Members of the 20-student German Partial Immersion class recently used a combination of German and English to express themselves as Tessereau listened intently and wrote their thoughts. Then, groups of up to four students took turns standing and synchronously reading what the class composed.
“Martin Luther King Jr. war ein guter Mensch. Er hat in seinem Leben viele gute Sachen gemacht,” their narrative began. “Die schwarzen Kinder durften nicht mit den weißen Kindern spielen. Martin Luther King Jr. hat gesagt, das ist nicht richtig.”
A student offered this English translation as Tessereau smiled, nodding her approval: “Martin Luther King Jr. was a good person. In his life he did a lot of good things. The black children were not allowed to play with the white children. Martin Luther King Jr. said that was not right.”
Tessereau’s third-grade class is one of four at Patch Elementary in the German Partial Language Immersion program. Anna Ingalls teaches the first-grade class, Shirley Julock the second-grade class and Stefan Zappey heads a multi-age class of first- through third-graders. Students enrolled in the program receive instruction in German in the subjects of math, science and social studies for approximately half of the school day.
“In the primary years, kids are acquiring language, and learning another language is just adding more words,” said Ingalls, adding that she started the immersion program at Patch Elementary about 15 years ago. “The earlier children acquire a language, the easier it is for them. The world is getting smaller and we need to be more global in our thinking.”
The Partial Language Immersion programs in some Department of Defense Dependents elementary schools make up an effort to help prepare students for a global marketplace in which corporations are increasingly looking for employees with foreign language proficiency.
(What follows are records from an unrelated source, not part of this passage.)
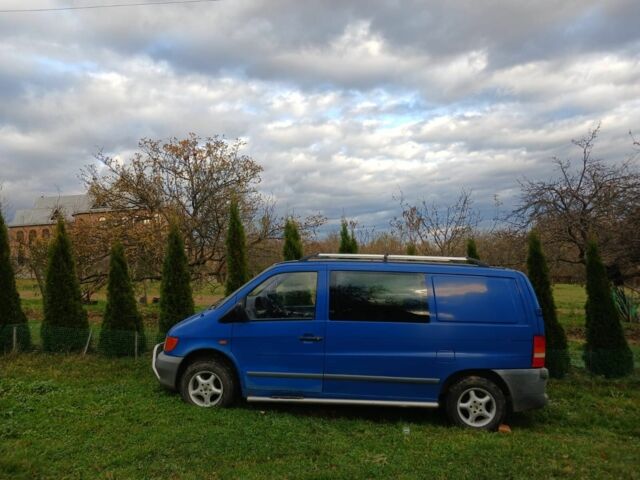 Синий Мерседес Вито, объемом двигателя 2.3 л и пробегом 300 тыс. км за 2200 $, фото 4 на Automoto.ua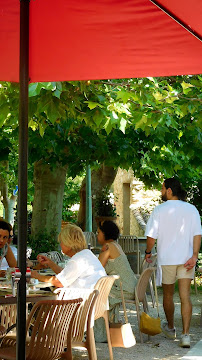 Atmosphère du Restaurant Bistrot l’entrepotes à Le Barroux - n°9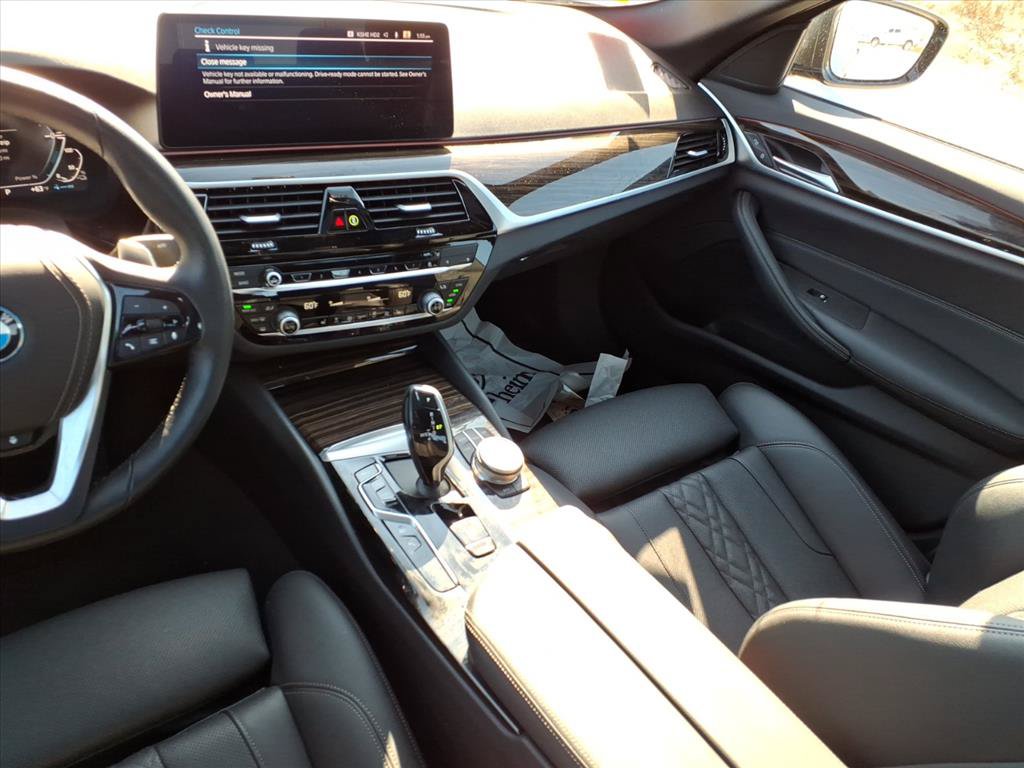 Used 2023 BMW 530e xDrive w/ Convenience Package AWD/4WD image 14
The DODDS system offers the programs worldwide, varying by location, in Spanish, French, Italian, Korean, Arabic and Japanese.
In learning to understand and communicate in German, students tend to become better learners of English, said Tessereau, who taught eight years in a full German immersion school in Milwaukee, Wis., and 12 years of German in high school.
“They become better listeners and observers — better “decoders” who take their critical thinking skills from the language — and apply them to other subjects,” she said. “They’re better in comprehension and at deriving meaning.”
Language immersion, Tessereau added, is all about youngsters making connections between what they learn in class and what they encounter in their daily lives.
Alexandra Preston, 9, weekly orders bread and sometimes milk and eggs from a bakery in Vaihingen. “I speak to them in German,” Preston, one of Tessereau’s students, said proudly. “I’m having a lot of fun, and the class has been really good.”
Julock, second-grade immersion teacher, said parents often tell her that they don’t realize how much their children know until they see them communicating with others out on the economy.
Parent Libby Phillips, whose third-grade son Matthew is in his second year of the immersion program, said she is impressed by his growing openness and comfort in speaking German. “I’m the translator for the family,” 9-year-old Matthew said. “I live in a village where I can have conversations with Germans — it’s so cool.”
PES Principal Robert Allen said he would like to expand the school’s program to kindergarten and fourth grade, but faces the dilemmas of not having the teaching vacancies to add the grade levels and the difficulty in finding Department of Defense Education Activity-certified teachers with the required fluency to teach the language.
Even so, parent AnnMary Driscoll said that if her third-grade son Ned isn’t able to continue beyond this school year in the program — his first — he will have gained some invaluable knowledge nonetheless.
“The first couple of weeks were really frustrating for him, but now he’s just fearless and plows right in there,” said Driscoll, whose family moved to the Stuttgart area from Key West, Fla., last August. “If nothing else, he knows how frustrating it is to be the new kid learning a new language.”